Normally one of the hardest parts of making a reusable rocket is the Thermal Protection System (TPS). Because our rocket has a lower reentry temperature, we can use a simple industry standard metal alloy which lasts a long time. We don't need to go to exotic ceramic tiles that require a lot of repair every flight.

Heat Shield Materials

There are many interesting metal alloys that work at high temperatures also here. For our use the HAYNES 230 alloy looks good. In particular its ability to resist oxidization up to 2200 F / 1205 C for long duration and even hotter for short duration.

Another alloy is HASTELLOY-X which is good to 2200 Deg. F (1200 Deg. C). It seems Haynes 230 has a bit better oxidization resistance though.
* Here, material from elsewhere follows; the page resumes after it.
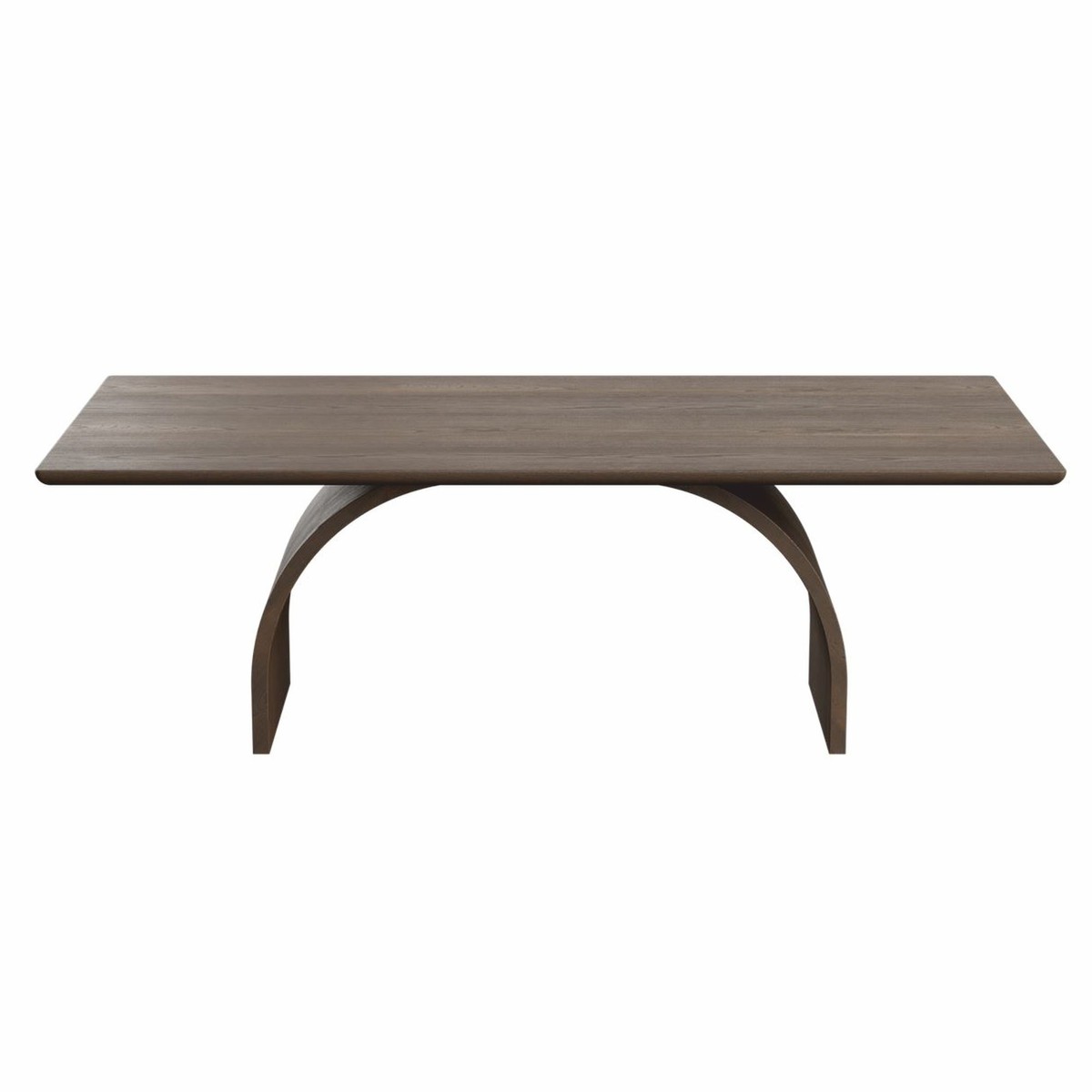 Casa Padrino table de salle à manger de luxe en chêne marron foncé 274 cm - Table de cuisine rectangulaire en bois massif Casa Padrino table de salle à manger de luxe en chêne marron foncé 274 cm - Table de cuisine rectangulaire en bois massif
But the best commercial alloy we know of is Haynes 214 which resists oxidization for long periods at 2300 F (1260 C) and short periods at 2400 F (1315 C).

Another option is to have a commercially available ceramic blanket. This could keep the heat from the main structure of the vehicle. The prices are between $1 and $10 per square foot.

Metalic Honeycomb TPS (Thermal Protection System)

If a high temperature superalloy is used to make a honeycomb core sandwich, you can get both the durability of metal and the light weight of honeycomb core. These can be about 1.25 to 2.5 lbs per sq foot.

For the X-33 work was done on metallic thermal-protection panels that are good to about 1,800 degrees Fahrenheit.

The ARMOR TPS is interesting. This is a metallic honeycomb sandwich panel made out of Inconel 617 which resists oxidization to about 1,800 degrees Fahrenheit (982 C). In a paper with interesting details on ARMOR they point out that the shuttle, which discards its main tank, is dense so it flies a hot reentry. A less dense reentry vehicle with lift could fly a reentry that kept below the melting temperatures of some alloys.

The following three papers are interesting;

An overview and assessment of metalic tiles.

A paper on heat shielding for orbital RLVs.

A report on metalic TPS.

Other interesting TPS links:

There are metals that will not melt or oxidize at very high temperatures. It is possible to make a metal foam that will insulate at very high temperatures.

A commercial coating called U2000 looks very interesting. It has been designed with reentry in mind. This coating with various ceramic matrix composites, carbon-carbon composites, and graphite substrates makes a very good TPS. It can weigh about 1.56 lbs/sq-ft.

The Space Shuttle used an aluminum frame but would have used titanium if they had a bit more money. Titanium would not have required tiles on the top of the orbiter.

Titanium was $3.44/lb in 1998, so the material cost would be under $3,000 for a 700 lb rocket. Worldwide titanium production was 240.7 million pounds in 1998. Companies like Boeing are big users. The USGS has lots of info on titanium.

An essay on the evolution of reentry technology.

The Wikipedia article on Atmospheric Reentry mentions a NACA Report 1381 about ballistic missile reentry from 1958 used to be online. When reentering the atmosphere the heat energy goes to either the air or the vehicle. In the case of a lightweight reentry vehicle the amount that goes into the vehicle is proportional to (skin-friction*surface-area) / (drag-coefficient * drag-reference-area). So the more the vehicle's drag, the less heat goes into the vehicle and the more goes into the air. A ball is actually the ideal shape.

There are Ceramic Fibers which might be interesting for making a high drag device.